▶ _WHAT TO WORK ON_:
Output only the lines below from the one holding "Irvine, CA 92603" down to the one holding "Bright Silver Metallic", both end lines included and every picture dropped.

▶ _Short web captions_:
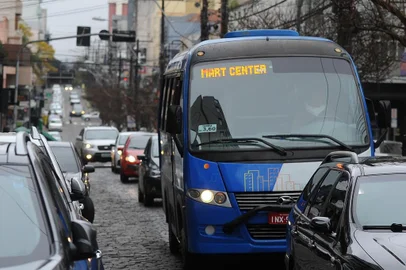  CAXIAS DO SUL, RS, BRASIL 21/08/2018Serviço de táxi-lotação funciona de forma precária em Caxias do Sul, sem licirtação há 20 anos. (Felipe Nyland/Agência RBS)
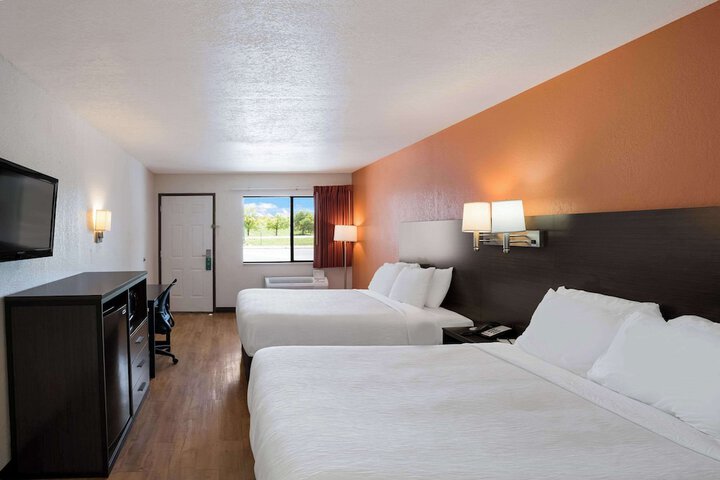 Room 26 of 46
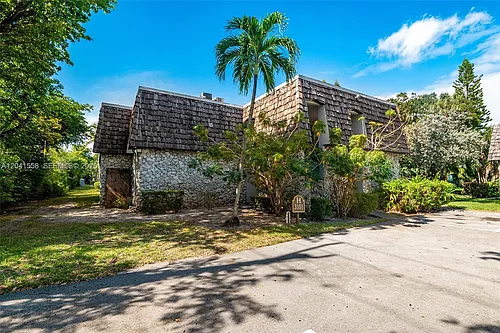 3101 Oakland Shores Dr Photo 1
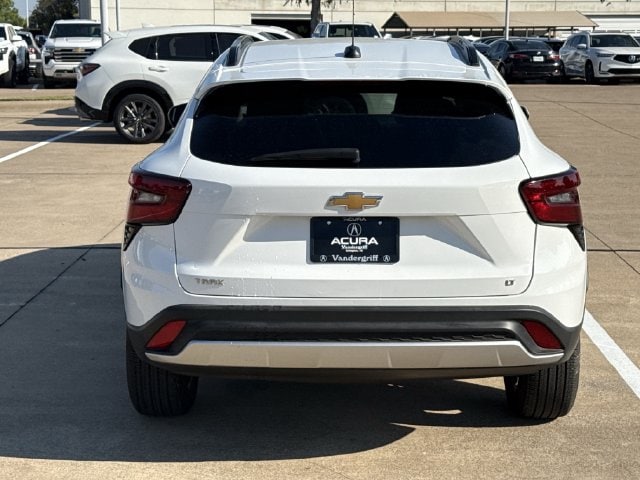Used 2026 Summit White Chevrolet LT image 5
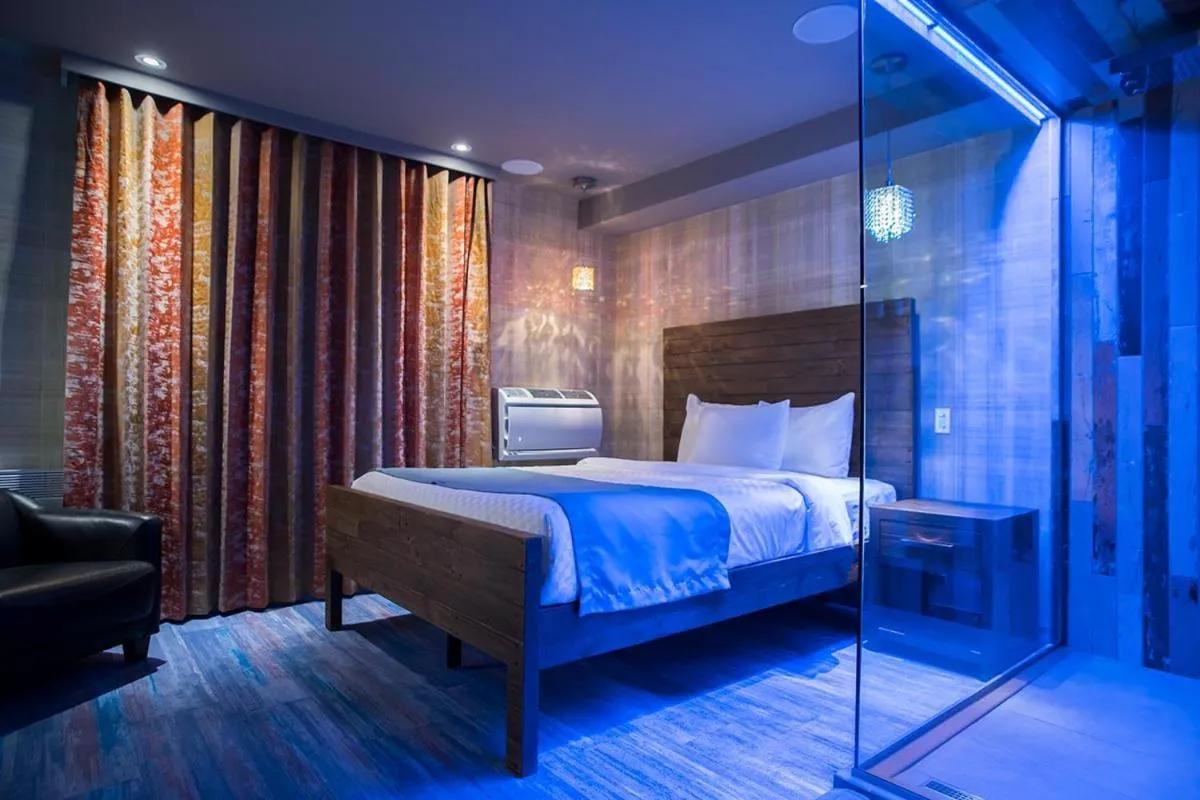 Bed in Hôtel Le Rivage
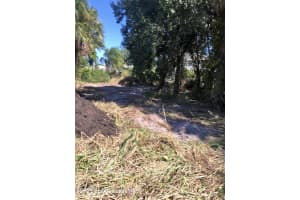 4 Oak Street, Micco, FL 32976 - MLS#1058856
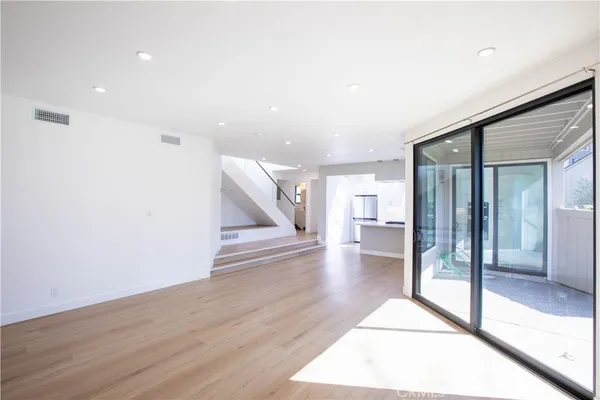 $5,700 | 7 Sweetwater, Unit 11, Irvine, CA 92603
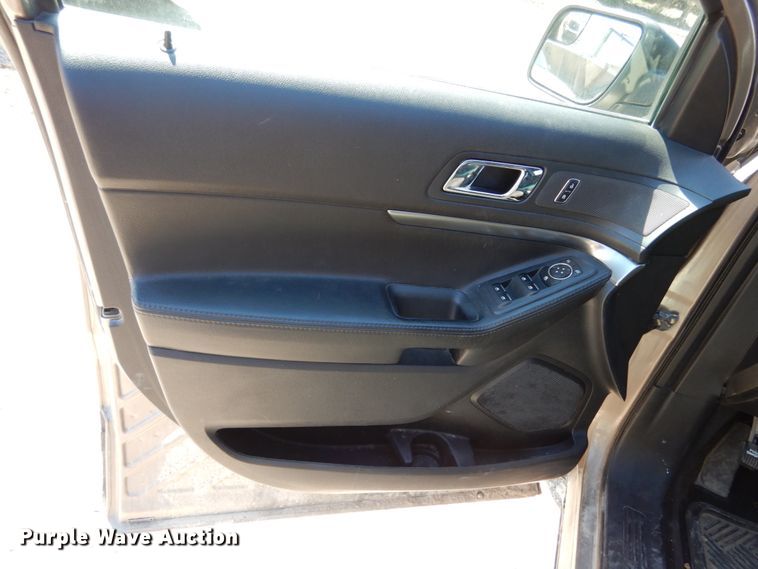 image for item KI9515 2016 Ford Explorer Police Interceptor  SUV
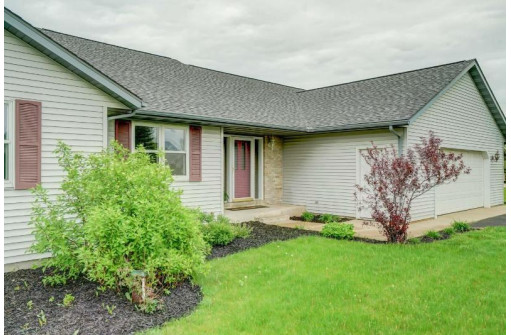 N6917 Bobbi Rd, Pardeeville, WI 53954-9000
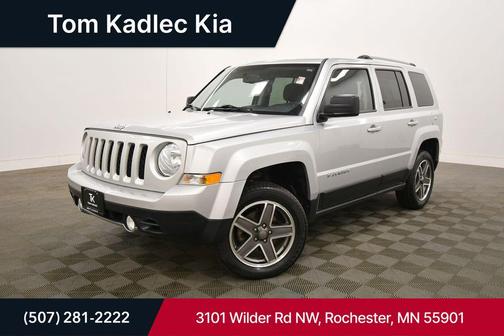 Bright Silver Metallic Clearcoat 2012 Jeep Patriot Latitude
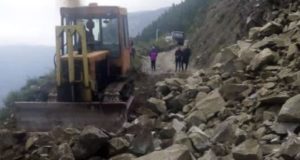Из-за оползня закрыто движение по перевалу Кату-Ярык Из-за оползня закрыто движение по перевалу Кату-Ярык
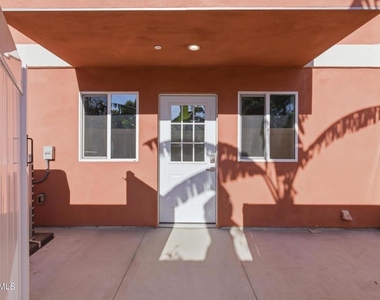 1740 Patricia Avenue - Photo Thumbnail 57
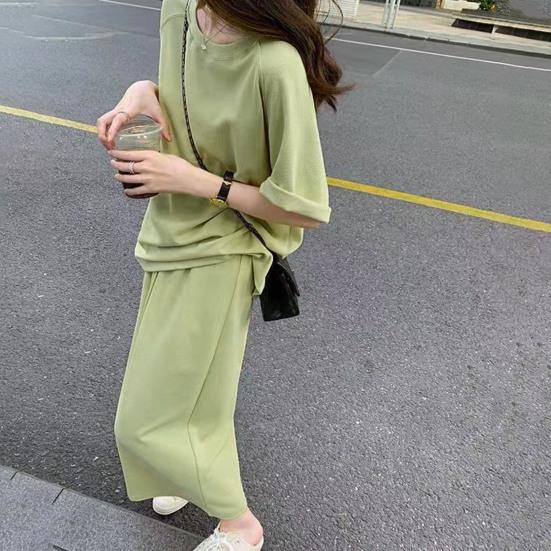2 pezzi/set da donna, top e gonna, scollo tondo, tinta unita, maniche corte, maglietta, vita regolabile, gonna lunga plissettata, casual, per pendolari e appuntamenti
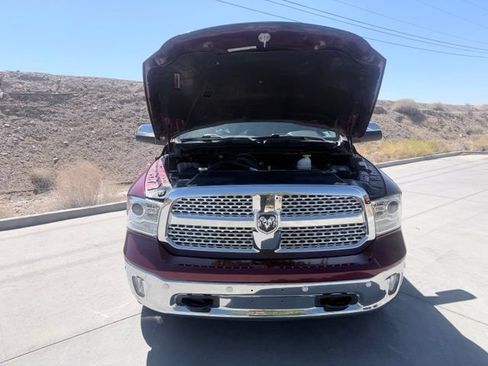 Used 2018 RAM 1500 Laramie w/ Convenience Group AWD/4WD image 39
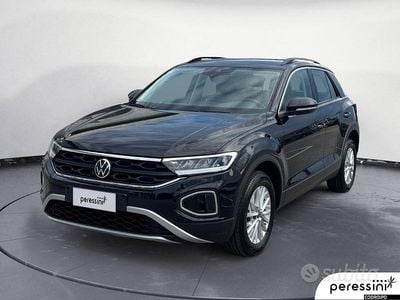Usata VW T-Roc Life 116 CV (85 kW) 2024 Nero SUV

▶ _EXERCISE RESULT_:
 $5,700 | 7 Sweetwater, Unit 11, Irvine, CA 92603
 image for item KI9515 2016 Ford Explorer Police Interceptor  SUV
 N6917 Bobbi Rd, Pardeeville, WI 53954-9000
 Bright Silver Metallic Clearcoat 2012 Jeep Patriot Latitude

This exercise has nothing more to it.